I don’t think I’ve ever before used the word “groundbreaking” to describe a book! I’m using it now because I’m reading Secret Art Powers by Jo Randerson. This book is so overwhelming that I had to stop reading it at intervals to fully experience and come to terms with my feelings of joyful recognition. I am a theatre practitioner and reviewer, so Randerson’s reflections, experiences, and observations, grounded in their love of theatre, resound especially strongly. That said, there is a wealth of material to interest and challenge other readers and even quirky illustrations “crowdsourced during sessions of group drawing”, Randerson acknowledges in their foreword.
“Art is a way of being,” Randerson continues, and this volume goes on to expand on that theme, and perhaps even more importantly, on its implications. The six powers they write about are explored – one might even say exploited – in the interests of art and the artist. None more so perhaps than their first power, which they title Lies. What could lies have to do with art? Plenty, Randerson asserts. Many truths exist and they are sometimes in conflict with each other. “The truth is rarely pure and never simple”, as Oscar Wilde wrote in The Importance of Being Earnest. And art can and does describe realities that have their own truth.

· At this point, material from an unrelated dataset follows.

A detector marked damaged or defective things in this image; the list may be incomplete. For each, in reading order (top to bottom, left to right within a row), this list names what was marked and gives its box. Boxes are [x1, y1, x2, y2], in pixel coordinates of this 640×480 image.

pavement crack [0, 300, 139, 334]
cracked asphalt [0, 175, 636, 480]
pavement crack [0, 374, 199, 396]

The secular world, and the political one, have difficulty with such a wide-ranging concept. Witness the pitifully small financial support given to artistic endeavours in this country compared to the vast amounts allotted to sport! I’m tempted to say that those in charge of such decisions suffer from a severe lack of imagination, sensitivity, and any valuing of the place of emotional response.

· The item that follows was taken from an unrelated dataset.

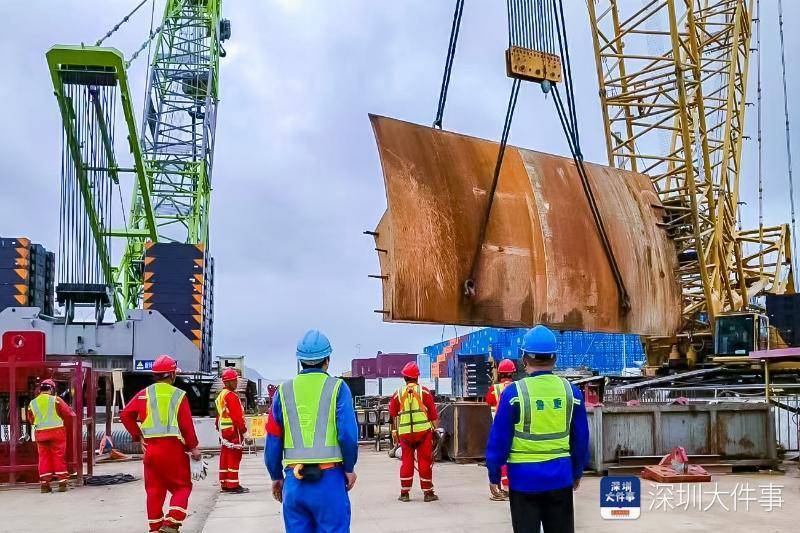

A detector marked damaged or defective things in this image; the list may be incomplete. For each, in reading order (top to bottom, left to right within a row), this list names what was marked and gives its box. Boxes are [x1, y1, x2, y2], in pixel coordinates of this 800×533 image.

rusty metal structure [370, 115, 680, 336]
rusty metal structure [588, 0, 792, 334]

What does exaggeration in a theatre piece matter if it makes an important point? Why shouldn’t irony and satire be acceptable as ways of exposing wrong or corruption? These and similar arguments are skilfully and passionately presented by Randerson in their six parts: Lies is followed by Fluidity, Multiplicity, Wrong, Live, and Imagination.
Secret Art Powers has the subtitle: How creative thinking can achieve radical change. This book is a giant step in that direction.